Once they got in, Mrs. Clinton reverted to type by pushing, unsuccessfully, for universal health care. But after that belly-flop and the 1994 GOP takeover of Congress, they dialed it back, and by 1996 her husband was telling the American people “the era of big government is over.”
As New York’s junior senator, Mrs. Clinton was firmly ensconced within her party. “On the 1,390 votes she cast in which most senators from one party voted differently from most senators across the aisle,” notes an April 2016 piece from Roll Call, “Clinton went against the Democratic grain only 49 times.”
Even on the single issue that came to be used against her in last year’s Democratic presidential primary—her 2002 vote to authorize the use of force in Iraq—Mrs. Clinton was squarely with her party. We’ve forgotten it today, but more Democrats voted with Mrs. Clinton on that one than against, including Harry Reid, John Edwards, Chuck Schumer, Joe Biden and John Kerry. Only a few years later she, again like them, opposed the surge.
So which is she, hawk or dove? The truth is that she is both—and neither. In a notable section in the memoirs of fellow Obama cabinet member Bob Gates, he relates a conversation in which she admits her opposition to the surge in Iraq “had been political because she was facing [Barack Obama] in the Iowa primary.” Again this only puts her within the mainstream of her party: Most of the other Democrats who had voted for the war in 2002 would also oppose the surge in 2007.
It has been a consistent pattern for Mrs. Clinton. On almost any issue that energizes her party—from same-sex marriage to the Trans-Pacific Partnership trade deal—Mrs. Clinton has gone where the party has pulled her even if it meant going against where she had been. This is what Hollywood actress Rosario Dawson meant last summer when she asked a group of Sanders delegates at the convention to understand that Mrs. Clinton “is not a leader, she’s a follower.”

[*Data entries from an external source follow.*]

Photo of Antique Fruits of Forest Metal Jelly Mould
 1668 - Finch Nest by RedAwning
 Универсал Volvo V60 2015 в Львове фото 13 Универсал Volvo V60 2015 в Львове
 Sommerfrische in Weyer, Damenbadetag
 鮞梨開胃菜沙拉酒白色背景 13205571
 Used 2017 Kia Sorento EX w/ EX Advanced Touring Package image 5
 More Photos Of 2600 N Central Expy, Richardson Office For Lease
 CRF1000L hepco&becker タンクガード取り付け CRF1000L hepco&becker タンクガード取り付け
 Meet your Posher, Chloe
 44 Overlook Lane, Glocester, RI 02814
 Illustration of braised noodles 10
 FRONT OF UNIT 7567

But on what became the single overriding theme of her campaign, Mrs. Clinton was truly in sync with her party. This is the idea that she should be elected because she’s a woman, and that a coalition of millennials, minorities and women would come together to make it happen. So where Donald Trump had “Make America Great Again,” Mrs. Clinton had the identity project par excellence: “I’m with her.”
After all, who could be more deserving to succeed the first African-American president than the first woman president?